Also - edit your quotes! If that is too hard for you on your phone then don’t quote at all, just respond and type in your brief context. You can reference a post number if you want. When you layer 7,8,9 quotes deep it is impossible to read, especially on the phone, so you’re making it out of reach for other phone users to follow the conversation.
 
Personally, if someone needed to be incapacitated, I would try a choke hold. The person is restrained and rendered unconscious, if done right. If a bouncer can overcome someone well enough to drag them by the hair, then they can put them in a choke hold.

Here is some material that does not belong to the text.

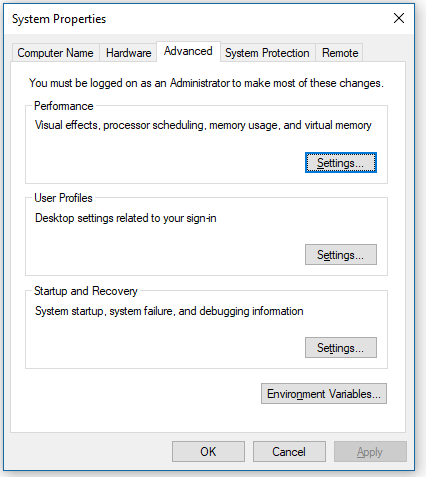 Select Environment Variables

Choke holds require skill to use safely. Used without enough skill they fall into the lethal force category. Not all that lethal but potentially so.

(A blood choke is safe so long as it's not held for too long. An airway choke can kill even if released quickly and ensuring you only do the former, not the latter, take training and practice.)

I've already retracted my choke hold thing, upthread. I do not advocate the choke hold folks!
 
I regret saying such a thing. It's hyperbole with a liberal touch of cheap whiskey.

Haha. I can sympathize all too well. There's a reason I stick to vino, and at home. Beer goes down like soda pop, which leads to bad judgement like ordering shots of Jack Daniels,

and the next thing ya know you're waking up naked and alone in the women's bathroom at a gas station in Georgia. :(

Tom
 
  • Like
Reactions: WAB
I retract my choke hold remarks. That was silly of me.

But I am still dead set against dragging someone by the hair. In fact I cannot conceive of any situation where I would resort to doing that. But if the rest of you can conceive of it, I guess we are just different people.

And you're right, Jarhyn, I am not a fighter. Never claimed to be. Quite the contrary. I despise violence, which means the initiation of violence. I am not a pacifist and I understand that force is necessary when in retaliation to the initiation of force.

I have been in a few fights. One when I was a kid, and somehow I wound up with my tooth in the other kid's head. All my other fights were with my older brother, and I lost all of 'em.

Again, the choke hold thing was I'll conceived. I of course would never do that to someone, and I don't even know how anyway. Nor do I want to know how.

Your argument from Incredulity is just that: mere Incredulity.

The point is that everyone who knows how to or who has any experience in removing someone from a space is in pretty tight agreement that hair dragging is pretty solid depending on the context.

Hair isn't alive and hair does grow back. You'll never live down the image of kicking and screaming like a petulant child as someone removed you from a public space in front of your peers, but she would already never live down the rest of the scene either.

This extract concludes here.